Copy, word for word, the opening line of the data and each line after it until the line that contains "Hauss Spole Vitrine", which is included. Leave the pictures out.

_Raw data:_
----------
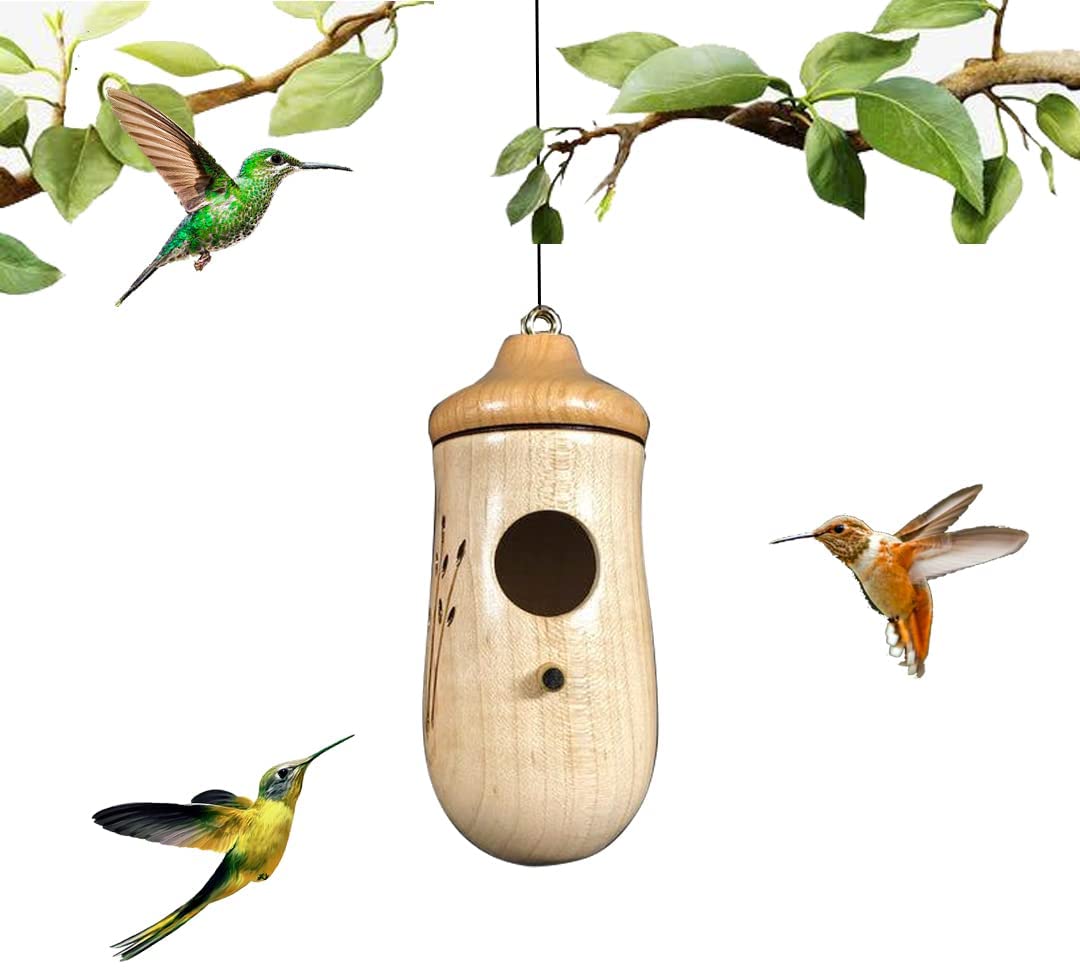 Kreigaven Hummingbird House, Wooden Hummingbird House for Outside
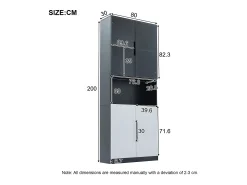 Hauss Spole Vitrine com iluminação LED, 2 portas de vidro e 2 portas de madeira - e preto^ Vitrina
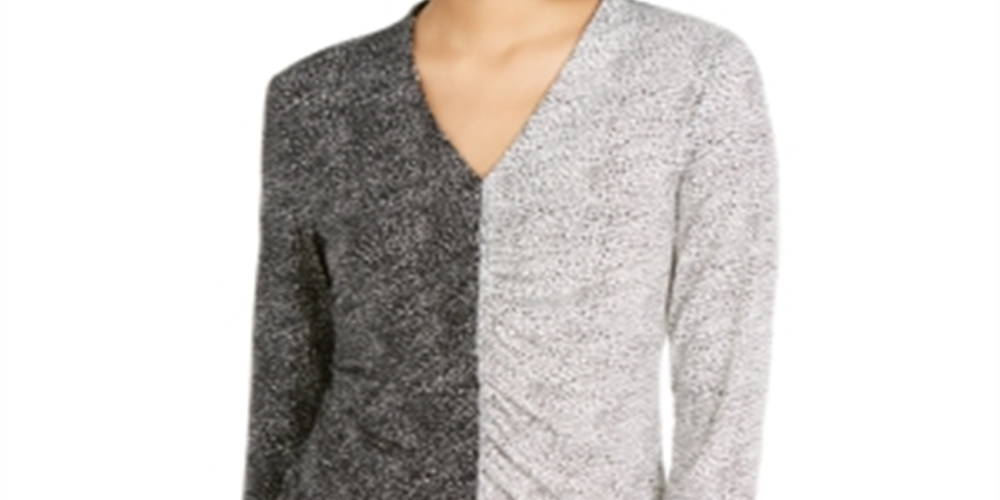 Blusa feminina Alfani com estampa mista e franzido na frente, preta e branca, tamanho pequeno GG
----------
_Completed task:_
 Kreigaven Hummingbird House, Wooden Hummingbird House for Outside
 Hauss Spole Vitrine com iluminação LED, 2 portas de vidro e 2 portas de madeira - e preto^ Vitrina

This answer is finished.